Long-term fix must be found for state’s mental health care woes

Perhaps it is going to take a complete fracturing of the mental health system before policymakers finally realize that North Carolina needs more inpatient facilities to treat patients who are a danger to themselves and society. Well, if it’s a total breakdown they’re waiting for, things are getting perilously close.

Right now, Western North Carolina is showing the effects of the state’s decision in 2003 to privatize most of its mental health care system. That privatization was supposed to lead to more effective outpatient treatment. That transition was still working itself out when the recent cutback in services from the nearest state-run mental health hospital, Broughton in Morganton, came into play. As a result, patients are going untreated for longer periods of time and a large financial burden is falling on counties as law enforcement plays bodyguard until a bed opens up somewhere in the state.

The broken system has become all-too-public over the last few months, primarily due to that burden being placed on local sheriff’s departments. In years past deputies were called in when involuntary commitment orders were served after family or medical professionals deemed a patient too distraught or violent. Law enforcement would take the patients to the nearest inpatient facility where they could be watched, diagnosed and put on proper medication if necessary. Police would spend a few hours taking care of this task.

Today, with inpatient facilities at regional hospitals closed down, Broughton became the destination of choice for those who were dangerously mentally disturbed. But that facility became crowded and the federal government revoked its right to bill Medicaid and Medicare for treatment. As a result, deputies have no place to take patients. This means they have taken on the role of caretakers, often staying two and three days with patients.

At the same time, these patients have been sitting in emergency rooms — often in restraints — while awaiting a bed in a proper mental health facility. These hospitals don’t have the staff of psychiatric professionals to administer to the patients, so often their condition just worsens until room opens up at one of the few state-run mental health facilities.

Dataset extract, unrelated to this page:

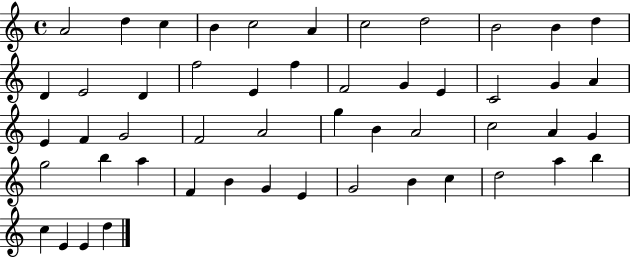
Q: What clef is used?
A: treble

Patricia Frisbee Meyer has seen the worst of the problems. Her son suffers from a mental illness, and recently he spent nearly 48 hours in the Haywood Regional Medical Center awaiting space in a mental health facility. He had to be put in restraints as his condition worsened.

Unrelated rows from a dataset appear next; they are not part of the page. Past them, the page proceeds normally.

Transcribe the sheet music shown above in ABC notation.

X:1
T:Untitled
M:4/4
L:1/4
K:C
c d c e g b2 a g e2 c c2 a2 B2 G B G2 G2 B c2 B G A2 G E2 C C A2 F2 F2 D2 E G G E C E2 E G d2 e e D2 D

“I said the longer he is in restraints, the longer it takes to get a bed, the sicker my son gets and the longer he will take to recover,” Meyers recalled of the situation.

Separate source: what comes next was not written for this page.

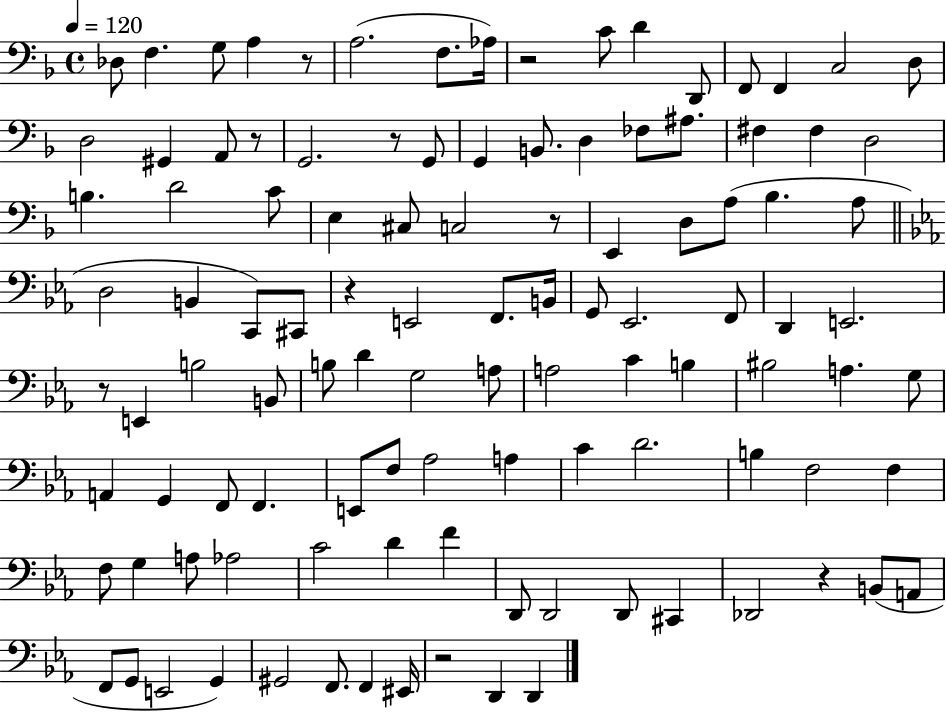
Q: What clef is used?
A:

More than 18 weeks later, her son is still at Broughton.

And so it is for mental health care in North Carolina. The state is trying to do on the cheap — by opening a few new beds in traditional hospitals (see story, page 6) — what simply can’t be accomplished. These patients need many different kinds of treatment, from full-time inpatient care with daily counseling and medication to a regimen of counseling and peer support groups to which they must strictly adhere.

Mental health is not a popular cause. One can’t muster support for it like advocates do for education or the environment. But the truth is that foregoing mental health care needs adds costs to the criminal justice system, burdens social service agencies, creates major issues for local hospitals, and reveals a fundamental misunderstanding of a major problem.

The state needs to do better, and it could start by appointing a state study commission to develop a plan for a comprehensive fix. Then it needs to come up with the necessary funding. Any kind of patchwork proposal is simply, as one health care professional described, “Like putting a band aid on a leaking jugular vein.”